Avery Chamlis, program director for the Western Territory’s Adult Rehabilitation Centers Command, said it is on the radar of leaders within the organization who provide addiction services. Already, they are working with other groups, such as Gamblers Anonymous, to understand the risks and try to get ahead of the problem. 

“We do devote specific time on gambling and its effect on the brain,” Chamlis said. “It’s very similar to the effect of stimulants. It’s highly addictive.”

But acceptance of gambling as an addiction and research into its effects is relatively new to American society, Jacobson said. For the most part, he said, gambling really only became part of the culture in the last 20 years. In 1975, only a handful of states allowed gambling, such as poker and the lottery. Now, 48 states legalized some sort of gambling.

“Prohibition was repealed in 1933,” Jacobson said. “Think about 1953—what did we know about alcoholism? What did we know about someone who spent all night at the bar? What did we think of them?

“We haven’t had those public campaigns about gambling yet,” he said. “All of those same stigmas are associated with gambling addiction, but there’s a lot of lack of understanding and knowledge.”

That’s why Jacobson stressed the importance of service providers like The Salvation Army not just being prepared to treat people but being actively involved with raising public awareness and leading campaigns.

“Any type of public messaging is valuable because it educates people that gambling is a disorder largely the same as drugs and alcohol,” Jacobson said. “What that means is it’s not a personal failing, but it is something you can go seek help for.”

Nationally, 40 states spend public money to help problem gamblers. On average, those states spend 37 cents per capita on the cause. But that means 20 percent of states don’t have any funding at all, Ercole said.

If groups that have a high profile and visibility, such as The Salvation Army, start to talk seriously about gambling and the effects it has on individuals, families and communities, that could go a long way toward motivating both legislators and service providers to devote more resources to the problem, Ercole said.

That’s one area in which The Salvation Army in New Zealand has seen success, said Lt Col. Lynette Hutson, director for the country’s addiction services. 

“We’re speaking out against it and we’re using the fact that we’re contracted for public health work to speak on behalf of the public,” Hutson said. “We speak to community groups, we go to large festivals, cultural events and we promote the safeguards we need to put in place around gambling.”

Being a large organization in a small country sometimes helps, Hutson said, especially when trying to communicate with elected officials and bring about legislative change.

“When we speak up about something as The Salvation Army, we do get attention,” Hutson said. “We have the daily evidence from the front lines to say, ‘You might think this, but here is what’s really happening to people…You’re talking from the ground, sharing research-based evidence.”

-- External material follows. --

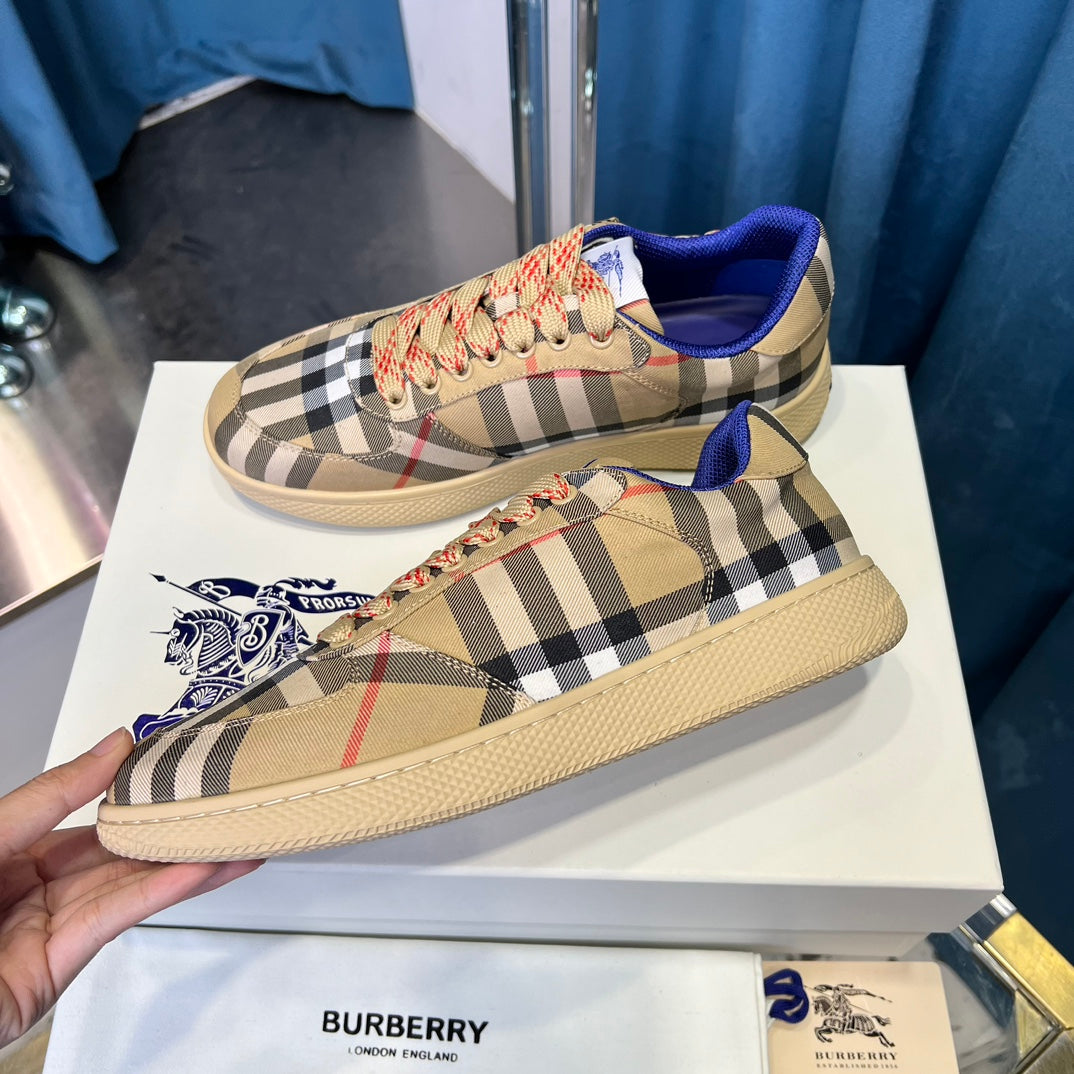Burberry Sneakers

In addition to working to spread awareness within communities and political circles, Jacobson also encouraged The Salvation Army to include questions about gambling on mental screenings and intake forms.

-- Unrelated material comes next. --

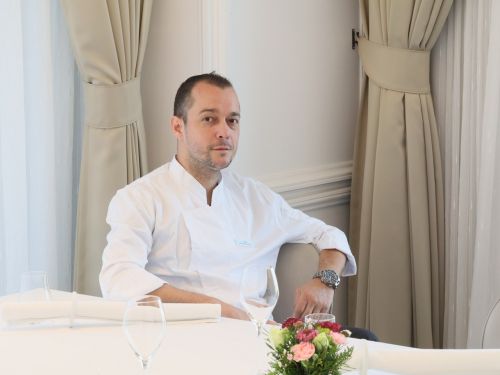 ▲「美享地牛排館」主廚Fabien在台深耕逾10年，並於2018年自營餐廳曾經獲米其林一星殊榮。（圖／高雄萬豪酒店提供）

Chamlis, too, acknowledged the importance of adding gambling to the center’s intake forms. Right now, he said the list of substances includes things like pornography and sex, but not gambling.

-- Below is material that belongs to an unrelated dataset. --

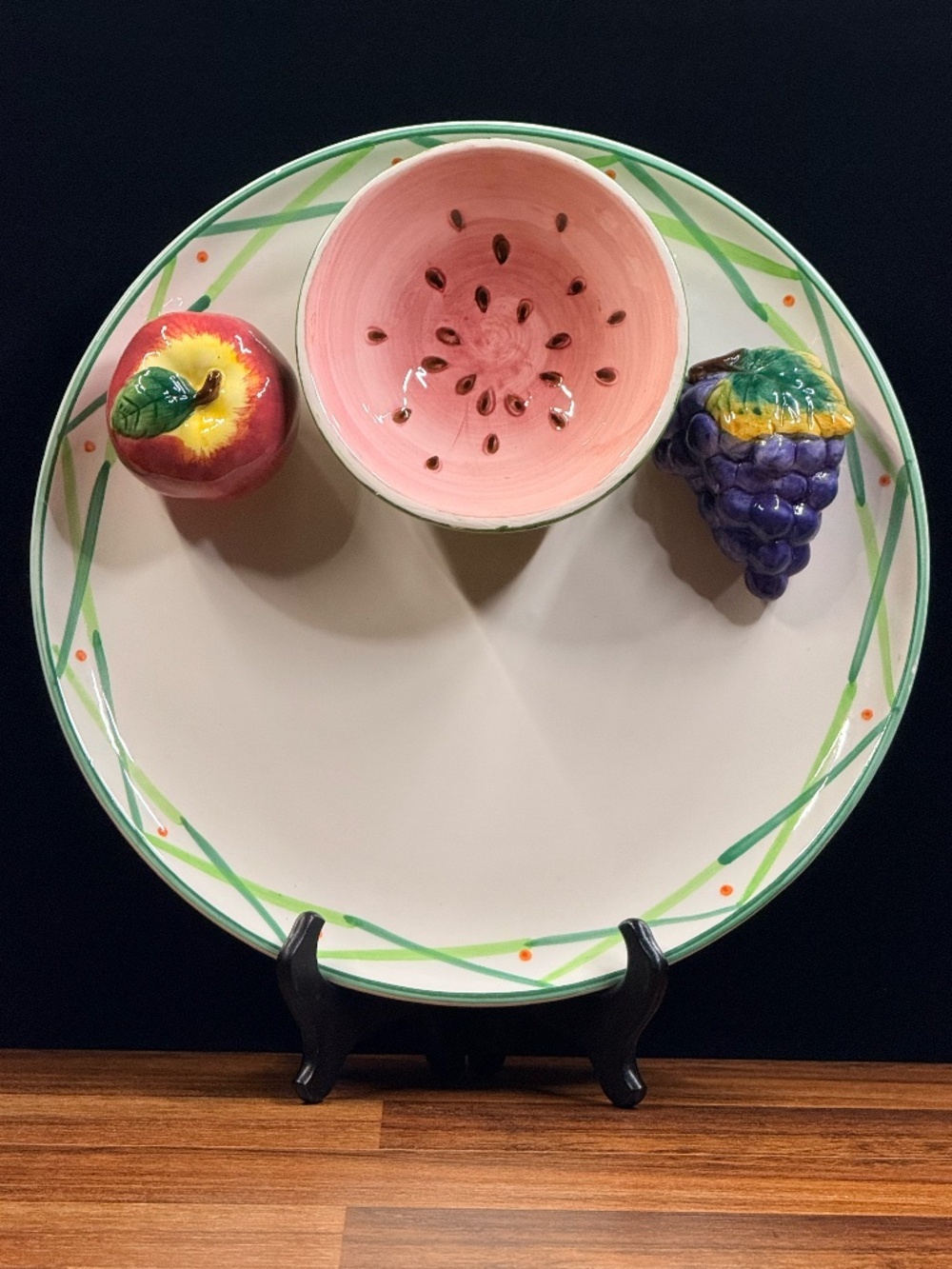 WORLD BAZAARS INC Fruit Serving Tray with Bowl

“We don’t really track how many people identify a primary or secondary addiction to gambling,” Chamlis said. “It wouldn’t be that hard to do.”

Chamlis said most of the Adult Rehabilitation Centers in the West operate around 90 percent capacity, following significant restructuring this year. That means there is room to accommodate and treat patients, should the states see a rise in cases of gambling addiction as access continues to expand.